The reason you want the glasses to be compatible is because when they are synced the glasses they will show your phone screen through the lasses and you are also able to have a phone call without holding your phone. I also wondered about the quality of the camera on the glasses, considering the glasses are fairly small I wondered if it was as good as an IPhone camera. What I did learn from using KWL+ was that the audio recording on the glasses sounds like you are underwater when you talk, definitely something Google needs to work on.

Also this accessory will only appeal to those willing to pay a hefty price tag of $1 500 for this pair of tech glasses. Even with the price tag in consideration almost everyone thinks hey are awesome: “that is so dope’ says a college studentm (O. K. Glass).
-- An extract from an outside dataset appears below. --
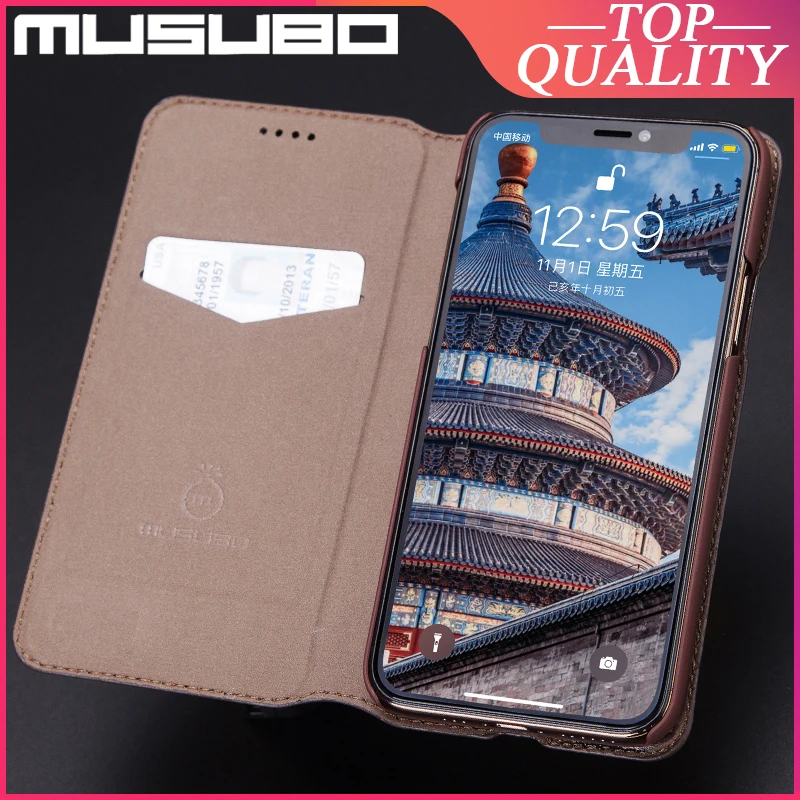 

Musubo Luxury Cases Flip Cover For iPhone 11 Pro Max XS XR 7 Plus 8 Genuine Leather Case Card Slot Wallet Funda Coque Capa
I believe Google Glass definitely has a place in todays society of ever advancing technology, 10 years ago something like this would be unheard of as well as way over the price tag of $1500.

If Google is able to work out the kinks with the compatibility with Apple products I think the glasses will sell even better, and also working out the issues with the voice recognition. Shteyngart’s article was relatively unbiased, it really did a great job of focusing on what the people thought of the glasses and what didn’t work and hat worked straight forward and no deceptive statistics were in the article. One thing that helps Google Glass is that it is the first of its kind, nothing like this is available anywhere else.

The glasses are scheduled to be released in 2014 so we will have to wait and see if Google is able to work out the kinks with its product. I plan to research the Glasses when the first real reviews come out in 2014 because I am excited to see if they are really worth buying. I will definitely use the KWL+ strategy again because it works the best for me and helps me retain information doesn’t work well I will use ole faithful, KWL+.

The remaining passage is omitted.